Tokenizing words in sentence
We should split a sentence to some words. Here is an tutorial:
Tokenizing or Splitting Words and Sentences From String Using NLTK – NLTK Tutorial
s ='TutorialExample.com is a programming tutorial site' wx = word_tokenize(s)
Get the part-of-speech of a word
We will use nltk pos_tag() to extract.
pos = pos_tag(wx) print(pos)
Run this code, we will get:
[('TutorialExample.com', 'NNP'), ('is', 'VBZ'), ('a', 'DT'), ('programming', 'VBG'), ('tutorial', 'JJ'), ('site', 'NN')]

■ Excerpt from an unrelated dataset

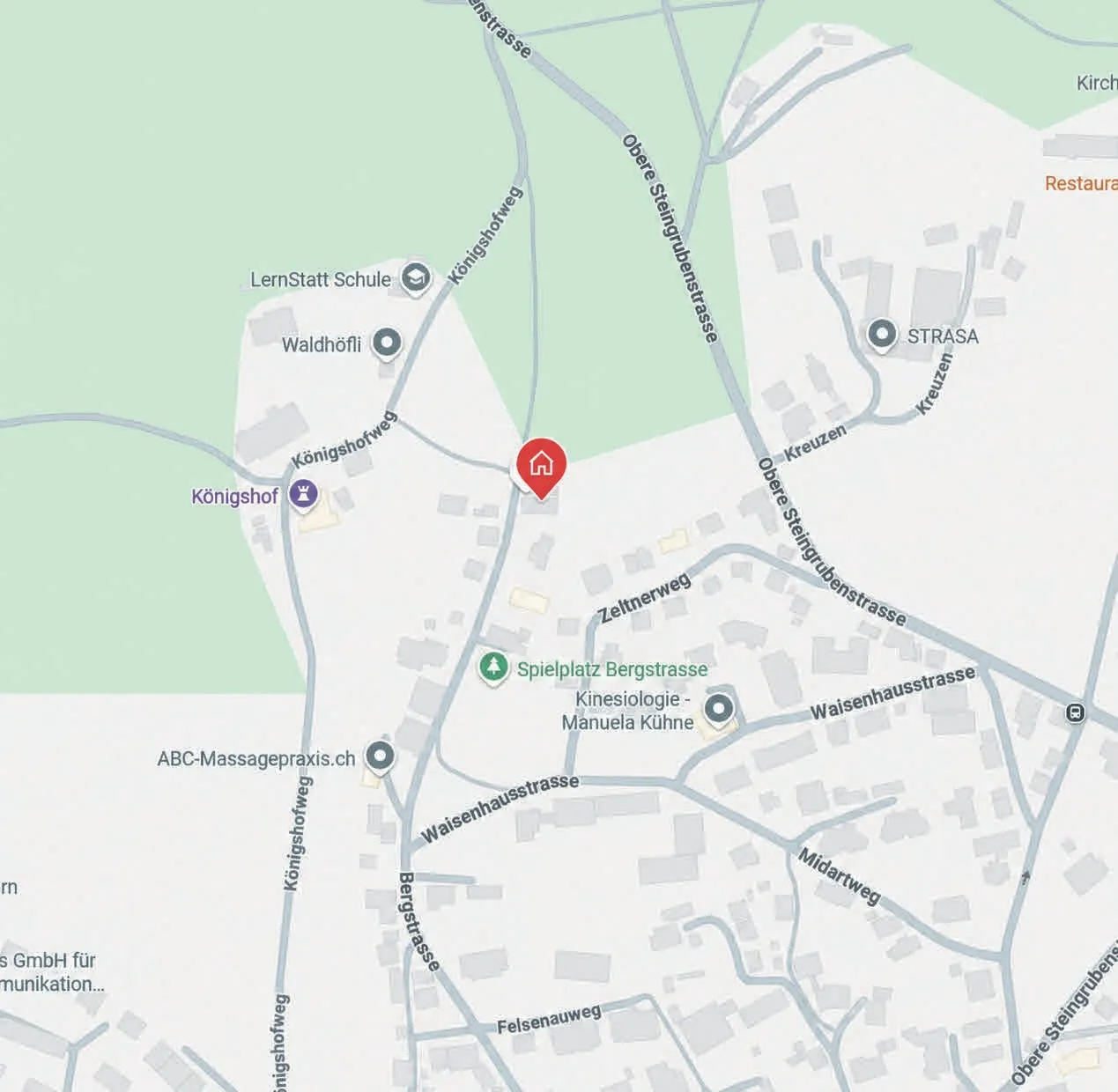Karte der Umgebung mit Lage der Bergstrasse 68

We will find pos is a python list, it contains some python tuples. Word and its part-of-speech is saved in it.
Notice
post_tag() can not get the part-of-speech of one word. Look at this example code:
pos = pos_tag('TutorialExample.com') print(pos)
Run this code, it will output:
[('T', 'NNP'), ('u', 'JJ'), ('t', 'NN'), ('o', 'IN'), ('r', 'NN'), ('i', 'VBP'), ('a', 'DT'), ('l', 'NN'), ('E', 'NNP'), ('x', 'VBZ'), ('a', 'DT'), ('m', 'JJ'), ('p', 'NN'), ('l', 'NN'), ('e', 'NN'), ('.', '.'), ('c', 'VB'), ('o', 'JJ'), ('m', 'NN')]
We can find pos_tag() only receive a python list, a word will be processed by a sequence.